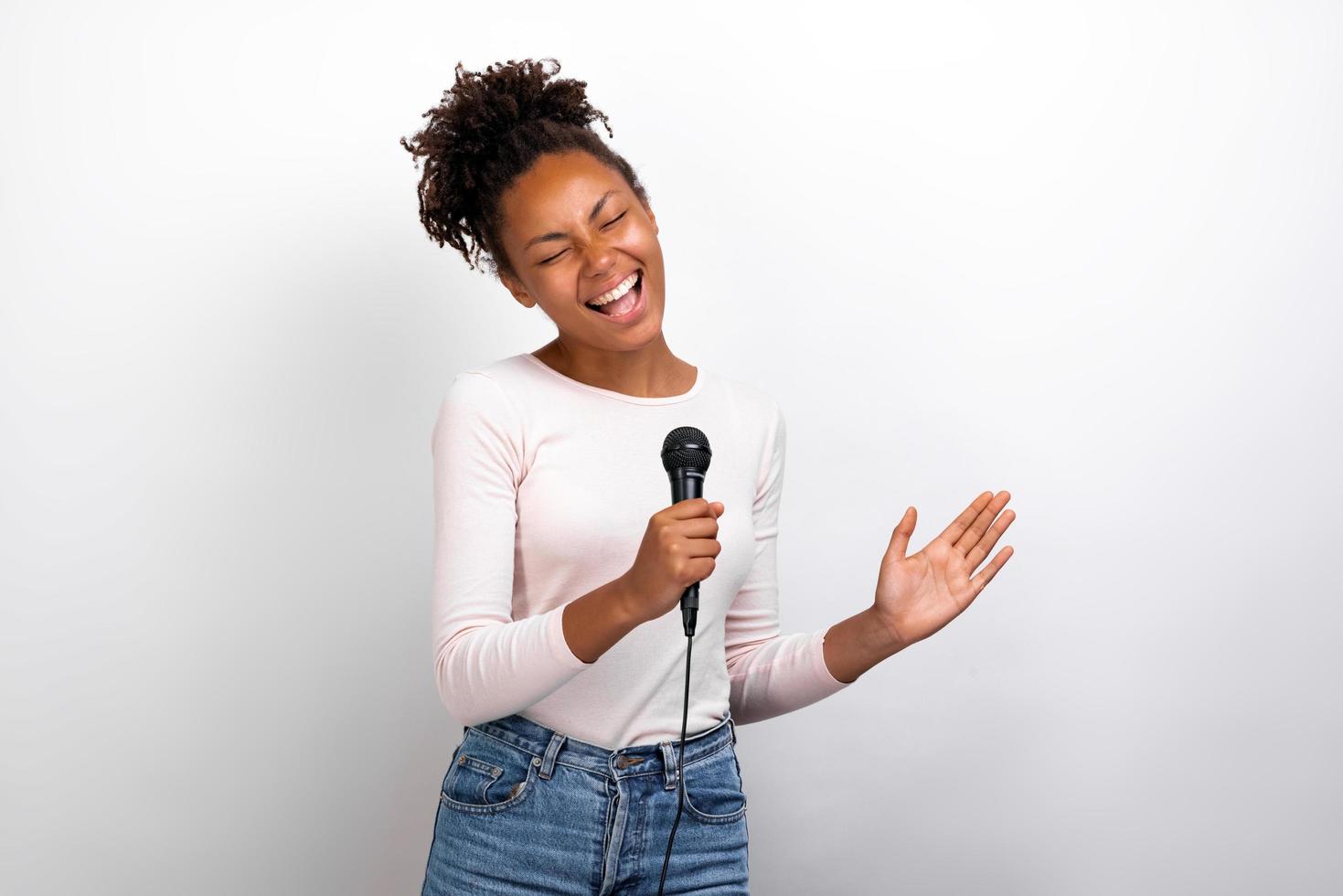 cantora mulata engraçada segurando um microfone nas mãos contra um fundo de estúdio de luz foto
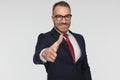 Handsome businessman ready to shake hands giving a big smile Royalty Free Stock Photo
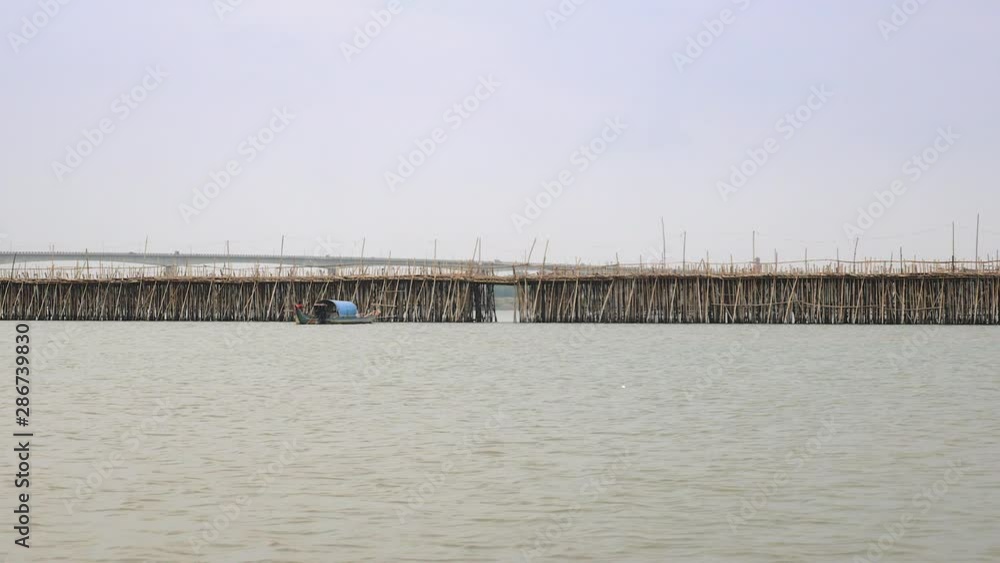 motorbikes crossing a bamboo bridge over the Mekong river and small fishing boat passing under it motorbikes crossing a bamboo bridge over the Mekong river and small fishing boat passing under it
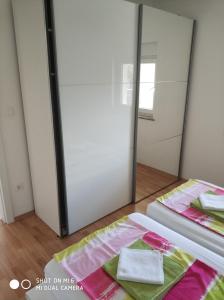 Posteľ alebo postele v izbe v ubytovaní Apartments Nogic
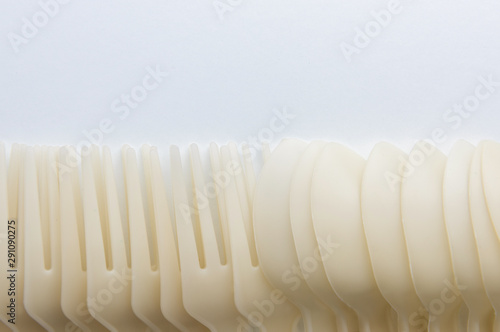 Biodegradable plastic spoon and fork on white background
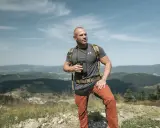 Mężczyzna w letnim stroju górskim: koszulka, spodnie trekkingowe i plecak. Idealny przykład, jak się ubrać w góry latem.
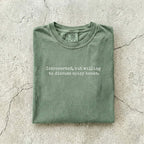 Moss Comfort Colors tee folded flat on a concrete background reading "Introverted, but willing to discuss spicy books." in a minimal typewriter font.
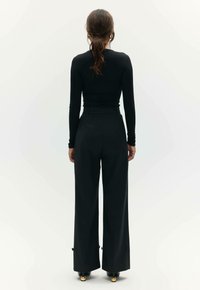 Czarna bluzka z długim rękawem w połączeniu z czarnymi spodniami typu wide-leg o wysokim stanie. Gładka faktura tkaniny z subtelnymi detalami przy brzegach i akcentami na obuwiu.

..............................

[Description of the task]:
Leave the pictures out and write out every entry exactly as given.

[Solution for this problem]:
 cantora mulata engraçada segurando um microfone nas mãos contra um fundo de estúdio de luz foto
 Handsome businessman ready to shake hands giving a big smile Royalty Free Stock Photo
 motorbikes crossing a bamboo bridge over the Mekong river and small fishing boat passing under it motorbikes crossing a bamboo bridge over the Mekong river and small fishing boat passing under it
 Posteľ alebo postele v izbe v ubytovaní Apartments Nogic
 Biodegradable plastic spoon and fork on white background
 Mężczyzna w letnim stroju górskim: koszulka, spodnie trekkingowe i plecak. Idealny przykład, jak się ubrać w góry latem.
 Moss Comfort Colors tee folded flat on a concrete background reading "Introverted, but willing to discuss spicy books." in a minimal typewriter font.
 Czarna bluzka z długim rękawem w połączeniu z czarnymi spodniami typu wide-leg o wysokim stanie. Gładka faktura tkaniny z subtelnymi detalami przy brzegach i akcentami na obuwiu.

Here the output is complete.